Oggi ho assistito al matrimonio della mia ex fidanzata con mio padre.
Quando l’officiante disse: “Potete baciare la sposa”, nella stanza calò il silenzio.
Nessun applauso. Nessun sorriso.
Mio padre si sporse in avanti come se stesse firmando un contratto, non festeggiando un matrimonio, e Chloe si girò quel tanto che bastava perché lui le sfiorasse la guancia con un bacio.
Non sembrava un matrimonio.
Sembrava tutto una messa in scena. Vuoto. Come una menzogna costruita con cura.
Tre mesi fa, io e Chloe stavamo progettando il nostro futuro insieme.
Lei era tutto per me: gentile, bellissima, la persona con cui pensavo di passare tutta la vita. Il fatto che mi avesse detto di sì mi aveva fatto sentire l’uomo più fortunato del mondo.

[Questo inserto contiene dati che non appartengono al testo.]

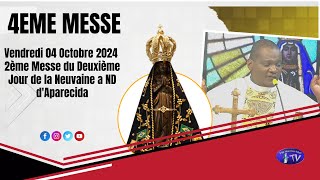 Vendredi 4 Octobre 2024  2ème Messe du 2ème jour de la Neuvaine à Notre Dame dAparecida [upl. by Yatnoj]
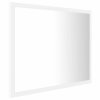 LED koupelnové zrcadlo bílé 60 x 8,5 x 37 cm akrylové 804916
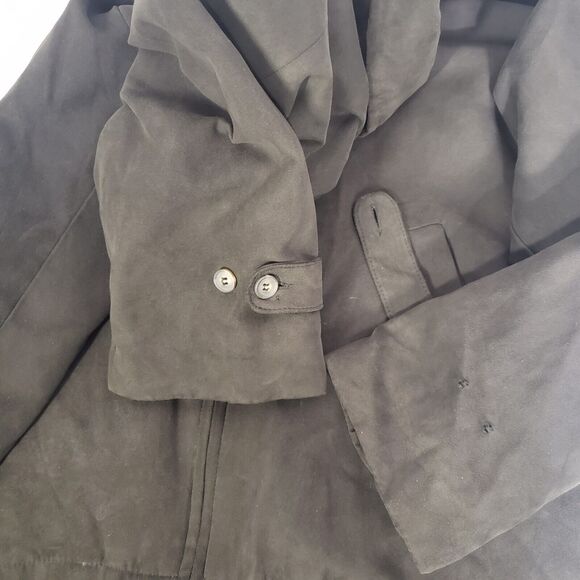 Free Country Mens Jacket Size XL Green Faux Suede Bomber Full Zip Lined Pockets - Picture 9 of 11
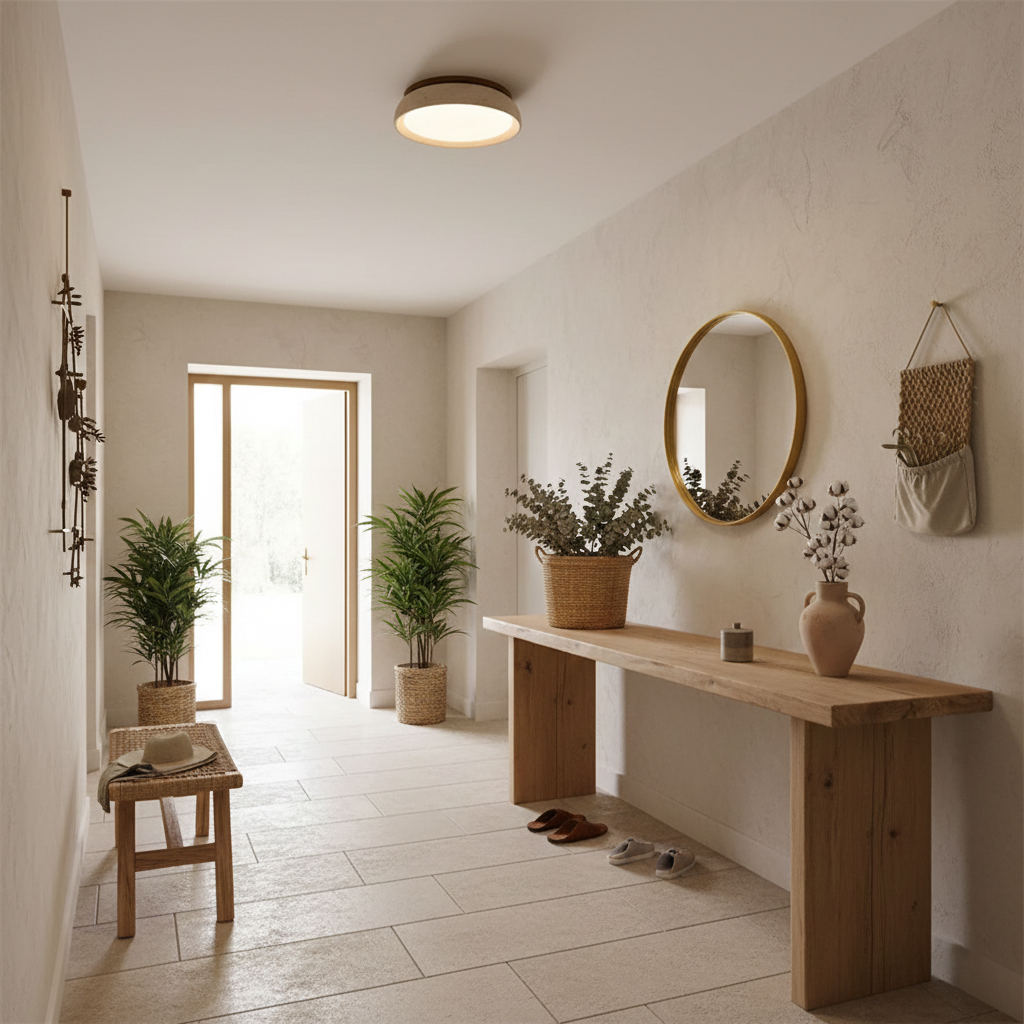 Lampada da soffitto Celeri in travertino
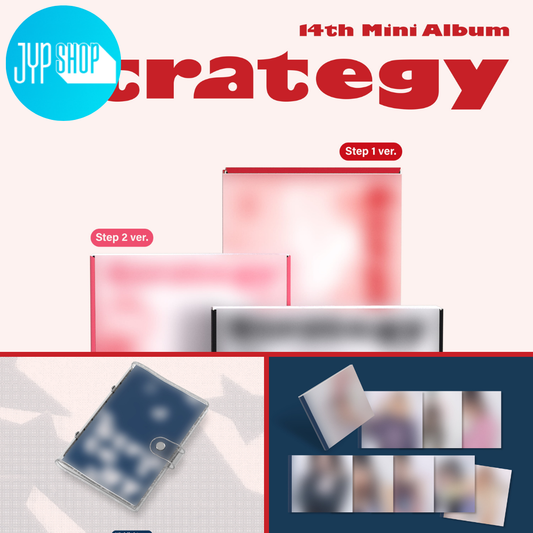 (PREVENTA) TWICE - 14th Mini Album [STRATEGY]+ JYP GIFT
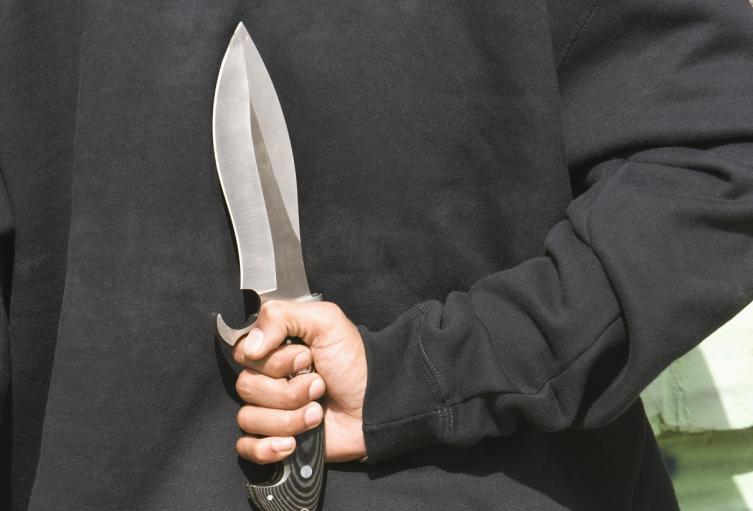 Atraco con cuchillo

Credevo davvero che fossimo felici.
Fino a quando non è scomparsa senza preavviso.
Per un’intera settimana, ho pensato che se ne fosse semplicemente andata.
Poi è tornata, e mi ha distrutto di nuovo.
Quel giorno, quando sentii bussare alla porta, non avevo idea che la mia vita stesse per crollare.
L’ho aperto… ed eccola lì.
In piedi accanto a mio padre.
Mano nella mano.
«Mi sposo», disse mio padre con noncuranza, dandole una pacca sul braccio come se fosse la cosa più normale del mondo. «Non vieni a farci le congratulazioni?»
Non riuscivo nemmeno a capire le parole. “Di cosa stai parlando?”
«Rompo il fidanzamento», disse Chloe senza mezzi termini. «Sposerò Arthur. Per favore, non rendetemi le cose difficili. La mia decisione è definitiva.»
Quello fu il momento in cui tutto dentro di me si spezzò.
Non ho discusso. Non ho chiesto spiegazioni.
Ho appena chiuso la porta.
E li ho eliminati entrambi dalla mia vita.
Ha ignorato ogni messaggio. Ogni chiamata.
Ma questo non bastava loro.
Mi hanno comunque mandato un invito di nozze.
Mio padre aveva persino scritto un biglietto:
Vieni. Ti aspettiamo.
Non so perché ci sono andato.
Ma l’ho fatto.
E ora era tutto finito.
La cerimonia si concluse con un silenzio imbarazzante, gli invitati si alzarono in fretta come se non vedessero l’ora di andarsene. Le conversazioni iniziarono a bassa voce, in un’atmosfera di disagio.
Chloe si allontanò furtivamente senza incrociare lo sguardo di nessuno.
Mio padre? Dritto al bar.
Ovviamente.
Ero già a metà strada quando lo sentii dietro di me.
“Te ne vai già?”
La sua mano mi afferrò il braccio.
«Ne ho visto abbastanza», dissi freddamente. «Vi siete divertiti entrambi abbastanza.»